A judge has ordered former Conseco Inc. chief executive Steve Hilbert and his family trusts to return $62.7 million plus interest to Conseco Services, a Conseco subsidiary, according to the Associated Press.
Last year, the company filed lawsuits seeking to recover a total of $670 million in stock-related loans from Hilbert, who left the company in 2000, and 10 other former directors and officers, according to AP. Such loans are now prohibited under Sarbanes-Oxley, which was passed in 2002.
The refund is reportedly the amount of interest owed on $162 million that the Conseco co-founder and his family trusts borrowed to buy shares of the insurer.
Conseco had filed for Chapter 11 in 2002, crumbling under the weight of some $6.5 billion in debt. Before it emerged from bankruptcy in September 2003, the company said that nearly 300 employees did not need to repay the money they borrowed from it. At that time, however, the company also promised to retrieve the debt owed by Hilbert and the 10 other directors and officers, the AP elaborated.
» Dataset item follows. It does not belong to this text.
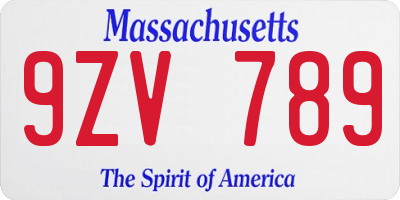 MA license plate 9ZV789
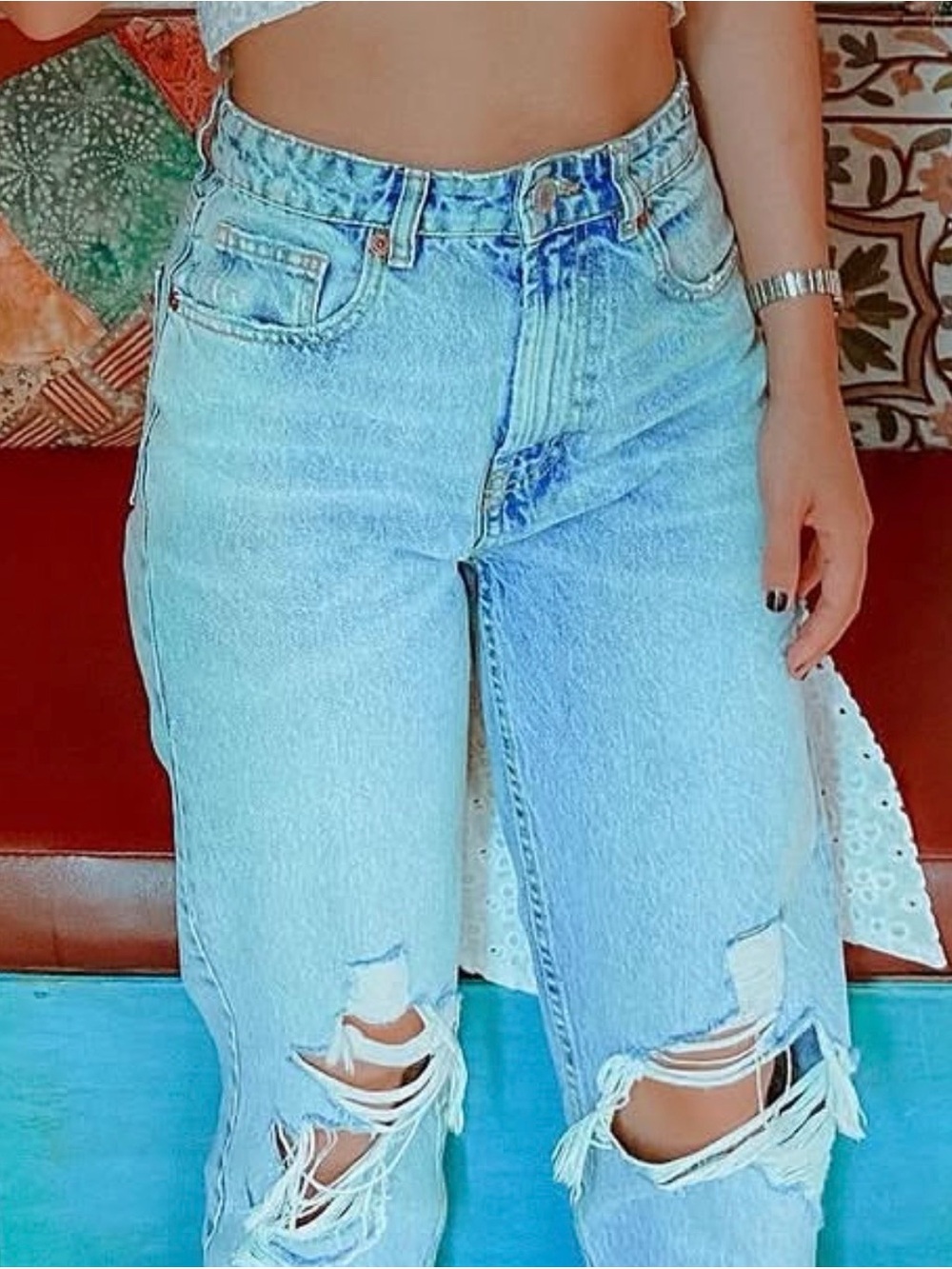 Zara Light Blue Distressed Boyfriend Jeans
The court ruling also permits the company to foreclose on Hilbert 25,000-square-foot French-style Carmel, Ind. mansion. If the judge’s ruling stands, the mansion would be auctioned off in a sheriff’s sale, according to the wire service. Conseco Services reportedly holds one of the home’s mortgages for $19.4 million.
“While I am obviously disappointed in the decisions, I remain confident in our arguments as presented in court,” Hilbert said in a press release. “My lawyers are drafting an appeal and will be filing it as soon as possible.”
David Kleiman of Dann Pecar, one of two lead attorneys, added in the press release: “Our case is sound and we believe we have compelling arguments that the loans in question should be drastically reduced, if not eliminated entirely.”
The judge’s ruling seems likely to embolden the growing number of companies, boards, and shareholders currently seeking the refunds of bonuses made to former executives whose companies later were forced to restate their results because accounting irregularities during the executives’ tenure.
One recent example of a company seeking refunds from former officials is Nortel Networks. Other companies, like Coca-Cola and Dynegy, have successfully scaled back severance payments to former executives.